Aiming to establish a new launchpad
for sustainable growth and to maximize
corporate value through proactive and
disciplined investments

Noriya Yokota Director of the Board, Senior Executive Officer & CFO

Noriya YokotaDirector of the Board, Senior Executive Officer & CFO

Review of the 2016 Medium-Term Business Plan

Business restructuring successfully carried out and all quantitative targets achieved

QTo begin, how would you sum up the Kirin Group’s achievements under the previous medium-term business plan (MTBP)?
AUnder our previous MTBP, which spanned from 2016 to 2018, we carried out restructuring with the goal of revitalizing the Kirin Group.
We succeeded in bolstering the earnings platform of the beer business by shifting our approach from costs to investments, as well as concentrating investment in key brands and more efficiently allocating marketing expenses in Japan. In the pharmaceutical business, we made steady progress in releasing global products to the market and boosting their sales. Meanwhile, we decided to terminate certain lowprofit businesses, and, accordingly, sold off Brasil Kirin as well as Lion Dairy & Drinks.
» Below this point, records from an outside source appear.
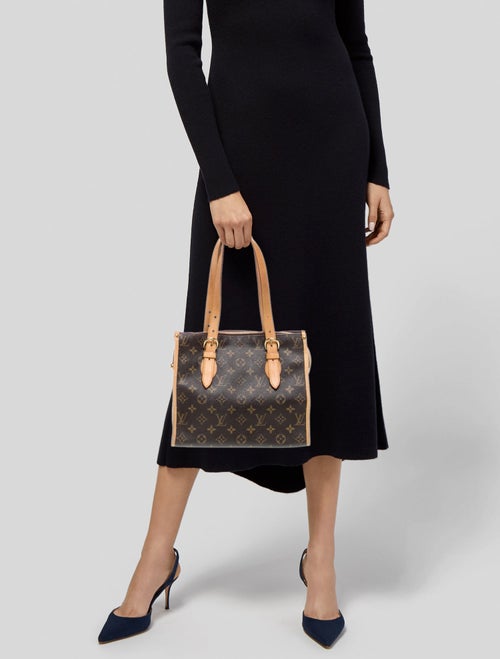 Louis Vuitton LV Monogram Popincourt Haut Vintage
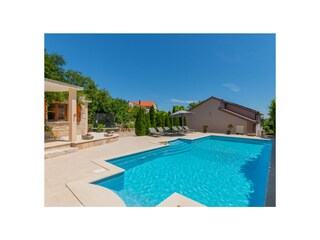 Villa Krivodol (Podbablje) Enregistrement extérieur 5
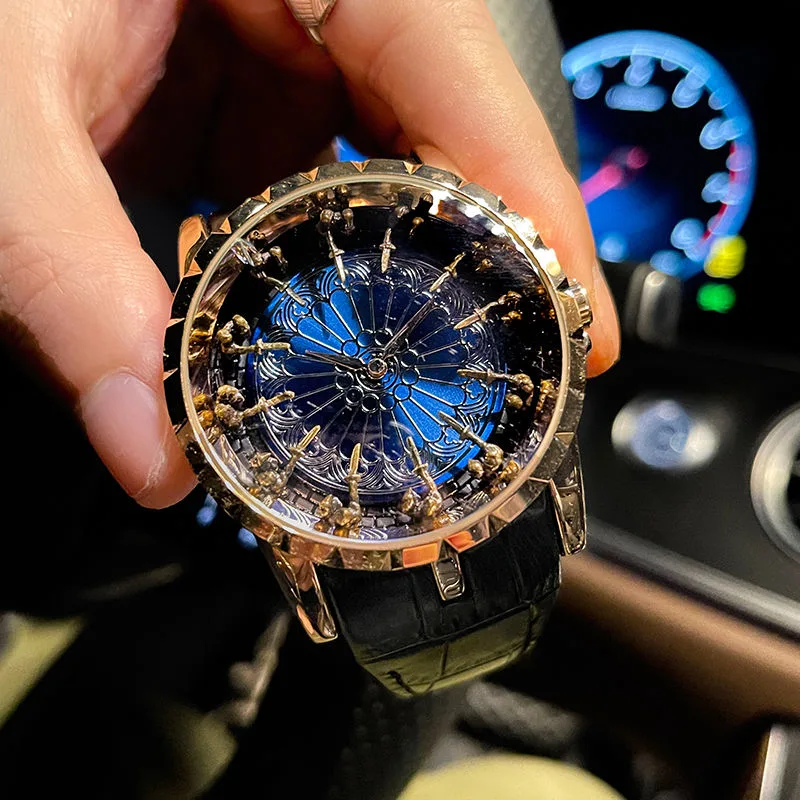 Nuovo Orologio da Uomo Lussuos - Best Smartwatch Accessories recensione e prezzo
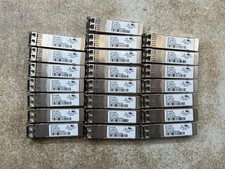 Lot of 22 Brocade 57-1000012-01 21CFR(J) Class 1 Duplex SFP+ 850nm Transceiver picture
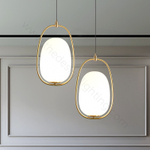Pendant design lamp Lanna by KUNDALINI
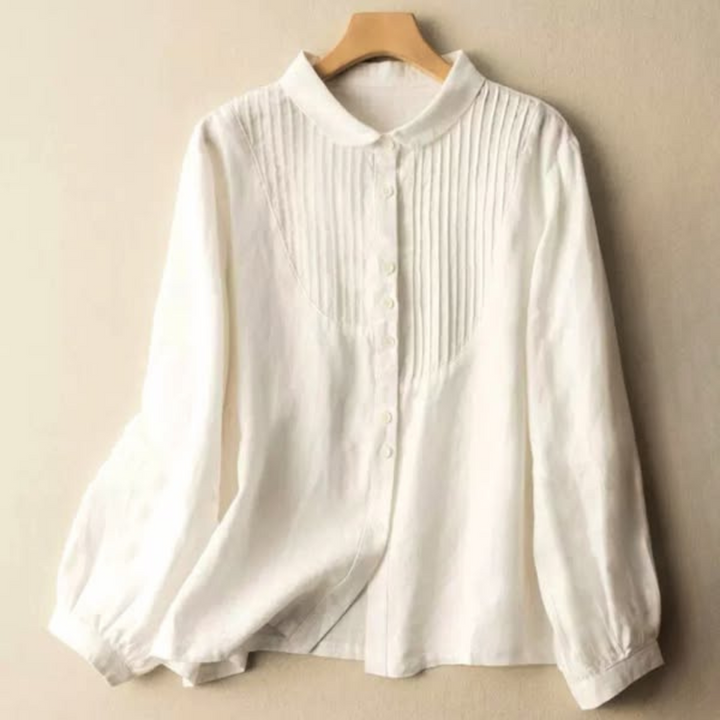 Tessa™ | Camicia in Cotone Organico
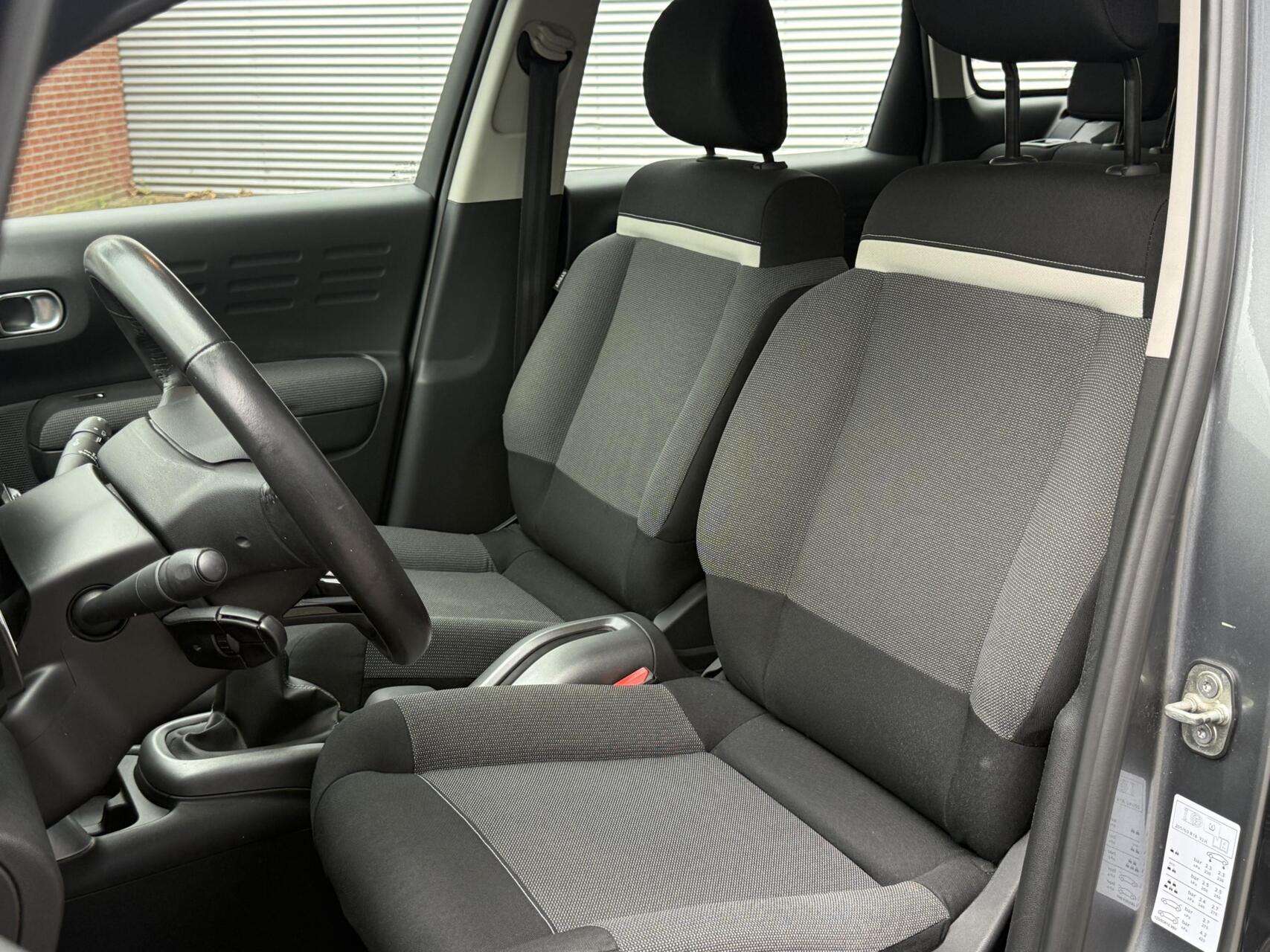Foto van Citroen C3 Aircross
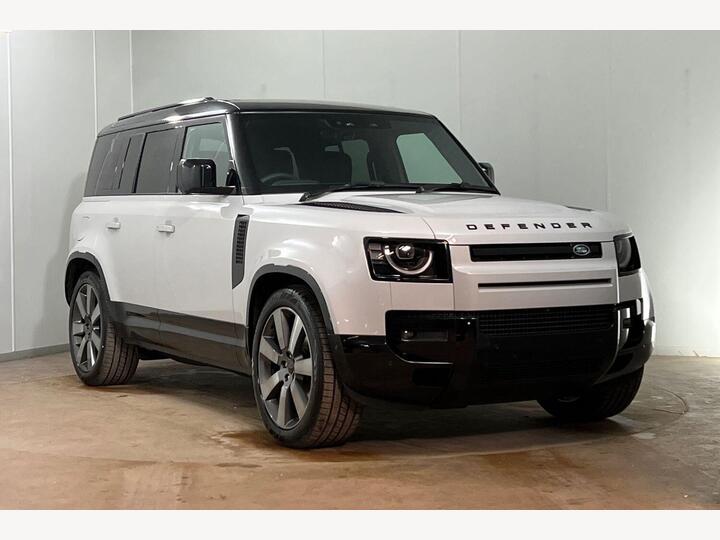Land Rover Defender 110 3.0 D250 MHEV X-Dynamic HSE Auto 4WD Euro 6 (s/s) 5dr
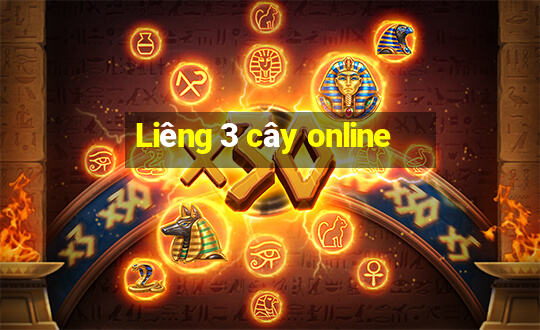 Liêng 3 cây online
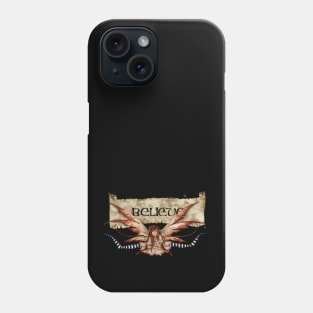 Believe Fairy Phone Case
We also sold off non-core assets and repaid interest-bearing debt in order to strengthen the Company’s financial base.
As a result of those accomplishments, the profitability of our existing businesses improved and consolidated cash flows increased substantially. Over the three years of the plan, cumulative free cash flows amounted to about ¥680 billion, far exceeding our original target of ¥260 billion. Consequently, we were able to greatly improve the Company’s earnings structure. Before the plan in 2015, interest- bearing liabilities totaled around ¥750 billion and the gross debt-to-equity ratio was over 1.0, but in 2018, the final year of the 2016MTBP, interest-bearing liabilities had been reduced to about ¥415 billion and the debt-to-equity ratio came in at 0.45. The Company repurchased around ¥100 billion of its own shares in 2018, thereby boosting shareholder returns.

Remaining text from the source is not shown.